Yet China can’t have it both ways. There is no way it can stay the course, as Li suggests, while adhering to the partnership agreement with Russia announced by Xi Jinping and Vladimir Putin. Many believed that Russia and China had come together in shaping a grand strategy for a new Cold War. I called it China’s triangulation gambit: joining with Russia to corner the United States, just as the Sino-American rapprochement 50 years ago successfully cornered the former Soviet Union. The US, the architect of that earlier triangulation, was now being triangulated.
Yet in the span of just one month, Putin’s horrific war against Ukraine has turned this concept on its head. If China remains committed to its new partnership with Russia, it faces guilt by association. Just as Russia has been isolated by draconian Western sanctions that could devastate its economy for decades, the same fate awaits China if it deepens its new partnership. This outcome, of course, is completely at odds with China’s development goals just enunciated by Li. But it is a very real risk if China maintains unlimited support for Russia, including tempering the impact of Western sanctions, as a literal reading of the February 4 agreement implies.
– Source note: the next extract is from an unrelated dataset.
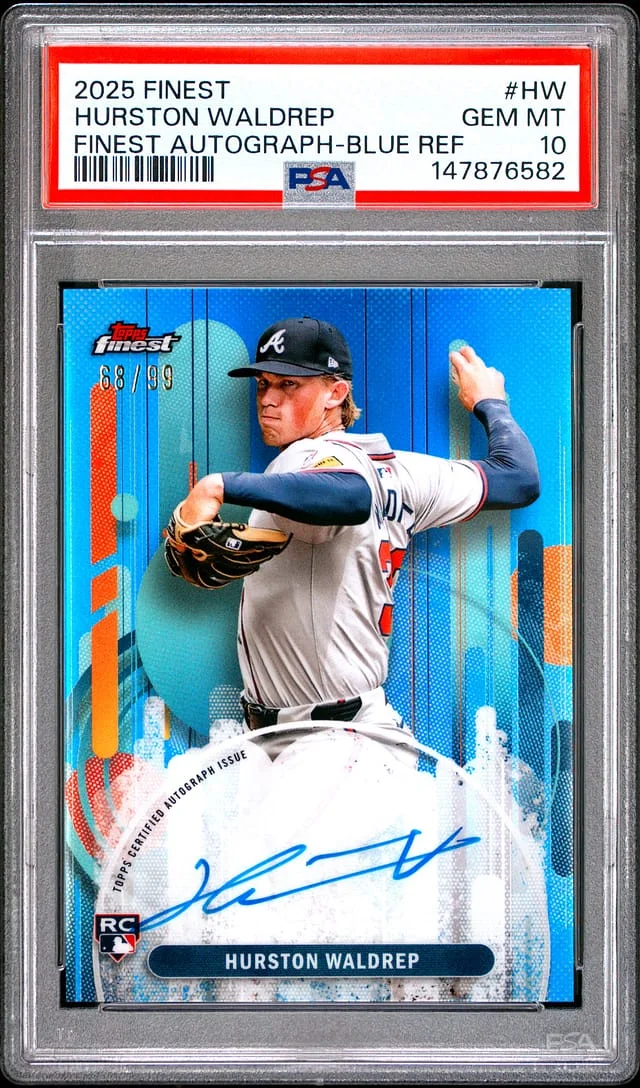 2025 Topps Finest Hurston Waldrep Autograph-Blue Refractor #FA-HW card image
The Chinese leadership appears to sense this untenable dilemma. After Russia’s invasion of Ukraine was met by uncharacteristic silence from the Standing Committee of the Politburo, the top seven leaders of the Party, China has since underscored its time-honored fallback principle of respect for national sovereignty. At the Munich Security Conference last month, Foreign Minister Wang Yi stressed this point, along with China’s long-standing insistence on non-intervention in other states’ internal affairs – an argument that bears directly on Taiwan.
But, at the National People’s Congress on March 7, Wang dug in his heels, insisting that “China and Russia will … steadily advance our comprehensive strategic partnership.” It is as if Putin knew full well when he went to Beijing in early February that he was setting a trap for China.
Xi now faces a critical decision. He has the greatest leverage of any world leader to broker a peace deal between Russia and Ukraine. To do that, he needs to send a strong message to Putin that Russia’s brutal invasion crosses China’s own principled redline on territorial sovereignty. That means he will need to register a strong objection to Putin’s efforts to rewrite post-Cold War history and resurrect Imperial Russia. To negotiate an end to the devastating conflict that Putin unleashed, Xi will need to put his February 4 partnership commitment back on the table as a decisive bargaining chip. Russia’s prospects are bleak, at best; without China, it has none at all. China holds the trump card in the ultimate survival of Putin’s Russia.
Xi’s own place in history may be on the line, too. Later this year, the 20th Party Congress will convene in Beijing. The major item on the agenda is hardly a secret: Xi’s appointment to an unprecedented third five-year term as the Party’s General Secretary. China watchers, including me, have long presumed that nothing would stand in the way of this well-telegraphed outcome. But history, and the current events that shape it, have an uncanny knack of shifting the leadership calculus in any country. That is true not only in democracies like the US but also in autocracies like Russia and China.
The choice for Xi is clear: He can stay the course set by his February 4 agreement with Russia, and be forever tainted with the sanctions, isolation, and excruciating economic and financial pressures that come with that stance. Or he can broker the peace that will save the world and cement China’s status as a great power led by a great statesman.
As the architect of the “Chinese dream” and what he believes is a great nation’s even greater rejuvenation, Xi has no choice. My bet is that Xi will do the unthinkable – defuse the Russia threat, before it is too late.